So many contradictions. Why can't they all just leave us alone -
to create, invent, compose and entertain - and find another people to
torment? What's it all about? So, the Jews are meant to be different, the
'chosen people'. As Tevya said in The Fiddler in the Roof, 'Maybe
we've had enough of being chosen, Lord, can't you go and choose someone
else, now?' Do we feel the same way? Does our chosen-ness mean
anything to us now, in the late 20th Century? Sure, it's a source of great
pride when we look at the achievements of our people, often against great
odds. But we don't like reading and hearing about the other side, the
Holocaust and the pogroms. Yet they both work together, they are both part
of the same package, like strawberries and cream (or should I say 'smoked
salmon and beigels').
Jewish achievements in the world at large are nothing short of
astounding! There are about 12.5 million Jews world-wide (1995 figures),
out of World population of 5,300 million. This means that about 0.25%
of the world is Jewish; about 1 person out of every 400 eats gefilte
fish and reads the Jewish Chronicle (This is probably a bit of a
generalisation as not even most English Jews read the J.C. and some of us
actually hate fish!). So one would naturally expect that 0.25% of the
worlds' scientists, musicians, entertainers, writers etc. etc. would, on
average, be Jewish.
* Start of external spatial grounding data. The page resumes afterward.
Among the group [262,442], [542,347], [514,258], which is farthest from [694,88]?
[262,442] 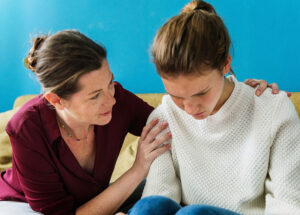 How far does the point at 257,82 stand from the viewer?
42.7 inches

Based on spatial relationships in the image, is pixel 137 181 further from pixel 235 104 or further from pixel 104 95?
pixel 235 104

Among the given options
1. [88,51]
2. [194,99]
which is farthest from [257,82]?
[88,51]

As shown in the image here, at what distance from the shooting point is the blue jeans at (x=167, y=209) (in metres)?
0.81

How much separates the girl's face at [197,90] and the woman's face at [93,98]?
0.85 feet

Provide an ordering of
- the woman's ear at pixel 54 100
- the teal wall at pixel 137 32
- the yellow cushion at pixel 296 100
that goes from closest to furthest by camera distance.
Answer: the woman's ear at pixel 54 100 → the yellow cushion at pixel 296 100 → the teal wall at pixel 137 32

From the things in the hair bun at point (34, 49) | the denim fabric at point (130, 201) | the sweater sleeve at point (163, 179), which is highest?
the hair bun at point (34, 49)

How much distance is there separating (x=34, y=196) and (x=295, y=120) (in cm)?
87

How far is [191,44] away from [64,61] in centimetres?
40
Well, it hasn't worked out like that, something has
gone wrong in our calculations, our decimal point has gone haywire! Just
looking in the period since the mid nineteenth century we find that about
25% of the world's scientists have been Jews. That's a full one
hundred times too many! It has been estimated also that, in 1978, over
half the Nobel Prize winners were Jewish. Over 50% of the main
contributors to the progress of mankind that year coming from 0.25% of the
population! The mind boggles.
We can only conclude that there is something unusual about these folk!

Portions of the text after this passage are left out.